Figuares kim? Yazar, yazar arkadaşları var. Küba'dan kaçıp ABD'ye geliyor ve zengin akrabaları tarafından, halasının vasıtasıyla bu bakımevine kapatılıyor çünkü ailesinin yüz karası bir akıl hastası gibi davranıyor, uyumsuz, kazananların yanında yeri yok. İngiliz şairlerinin, Romantiklerin şiirlerini okuyor ve onların bunaltısını kendi yaşamına eklemliyor. On beş yaşında bütün büyükleri okumuş: Hemingway, Faulkner, Kafka, Musil, Joyce... Hemingway bir noktada hayatını kurtarmasını sağlayabilirdi; Francis'le kaçmayı düşündükleri sırada polis tarafından yakalanınca karşısına çıkarıldığı psikiyatrist Hemingway hayranı çıkıyor ve ilk kez yaptığını söylediği bir şeyi yapıyor, bakımevi sahibiyle konuşup özgürlükleri için uğraşıyor. Francis annesi tarafından götürülmemiş olsaydı mutlu bir son izleyecektik. Gerçi ben Figuares'in her şeye rağmen çıkıp gittiğini ve Francis'i aradığını düşünerek alternatif bir son yarattım kafamda, bu kadar acıya bir tanecik mutluluk olsun.

Mekân.
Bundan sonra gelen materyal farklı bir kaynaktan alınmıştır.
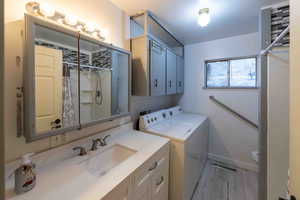 Washroom with cabinets, washing machine and dryer, sink, and light tile flooring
Rosales'in katı gerçekçiliği o kadar şiddetli ki klozete tıkılmış kıyafetlerin üzerine işeyip sıçan hastaların yaydığı koku duyuluyor. Bakımevi çalışanlarının hastalara tecavüz etmeleri, eşyalarını yürütmeleri, pek çok şey işi karikatürleştirme tehlikesi yaratıyor ama buna izin vermiyor Rosales, kendi deneyimlerini kurarken olabildiğince doğrudan bir anlatı kullanıyor. Dehşete düşmemek elde değil.

Rosales bir temiz deşti. Ya da kendi deşiğini gösterdi. Okurda iki çukur oluşacak, omuzlarda ve kalpte.